**The data**
──────────────────────────────

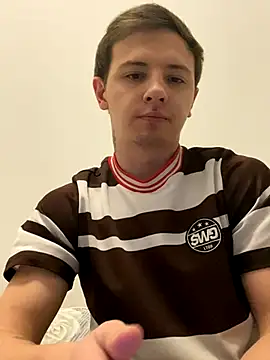 Snapshot of KirilStella chatting on November 1, 2025, 7:27 pm KirilStella online show from November 1, 2025, 7:27 pm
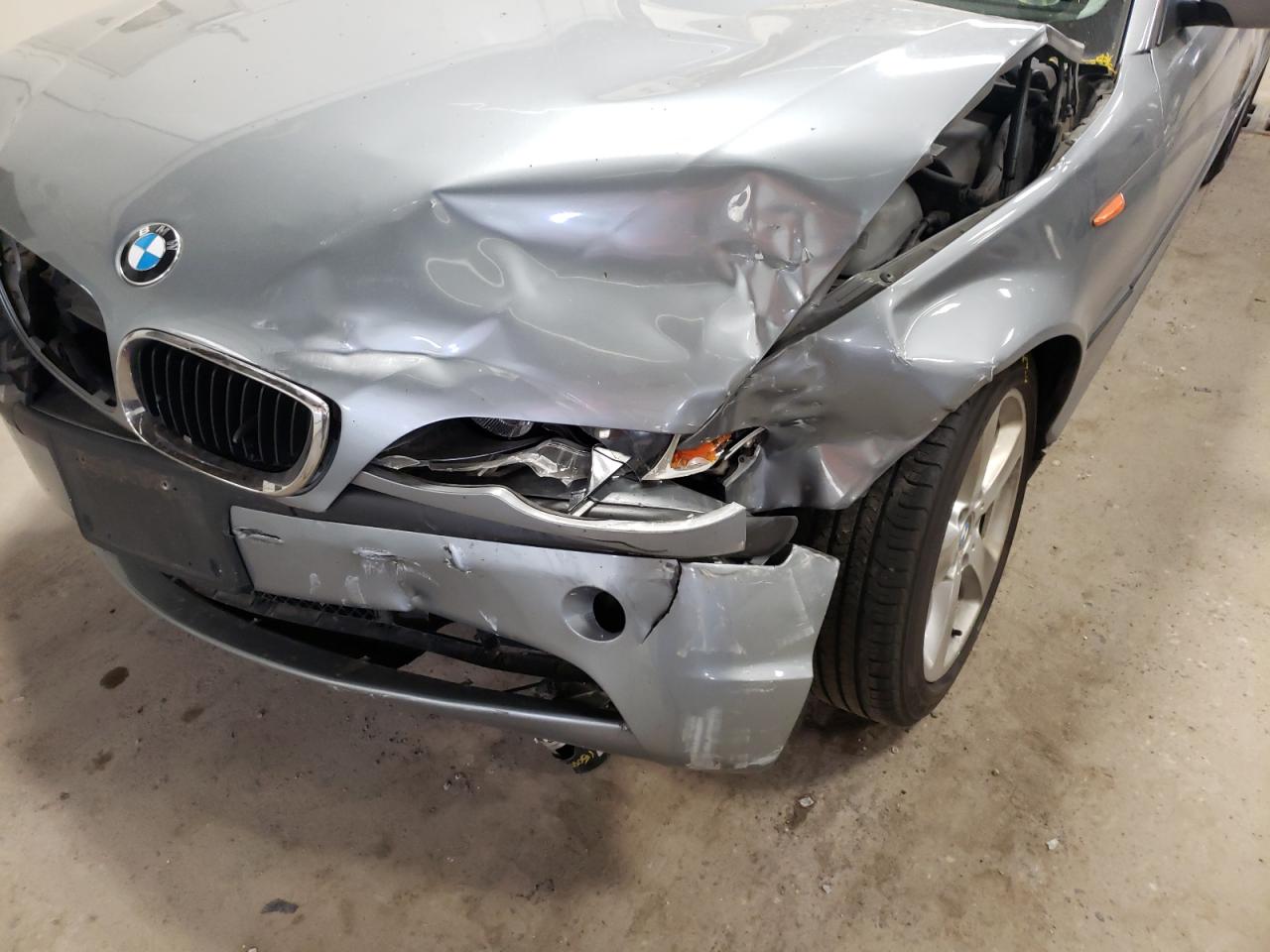 Photo 9 from auction – 2005 BMW 330 XI with VIN WBAEW53455PN39970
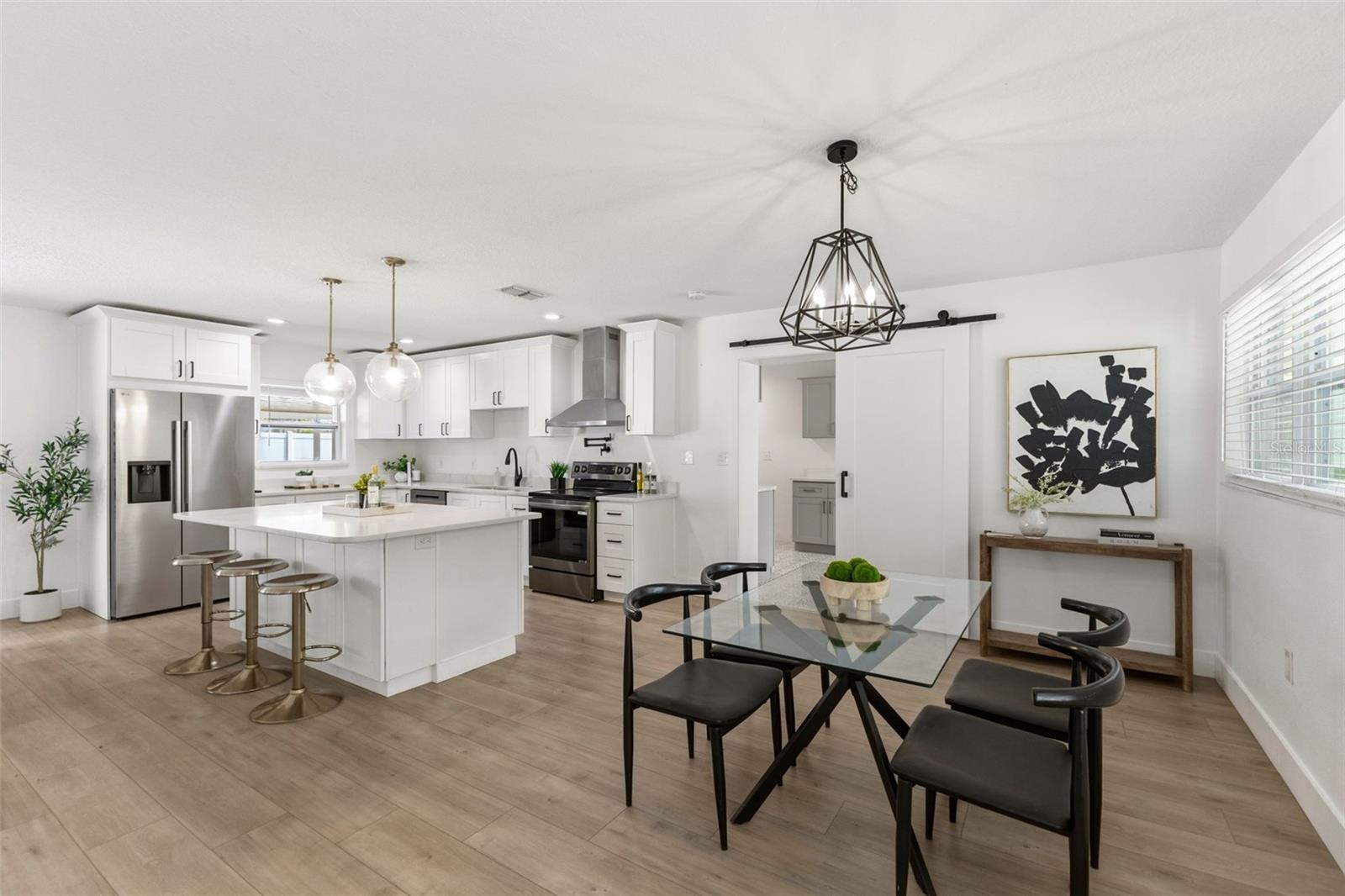 Listing photo id 10 for 4610 Shamrock Road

──────────────────────────────

**Prompt**
The job is to set down the whole listing exactly, excluding any images.

**Task answer**
 Snapshot of KirilStella chatting on November 1, 2025, 7:27 pm KirilStella online show from November 1, 2025, 7:27 pm
 Photo 9 from auction – 2005 BMW 330 XI with VIN WBAEW53455PN39970
 Listing photo id 10 for 4610 Shamrock Road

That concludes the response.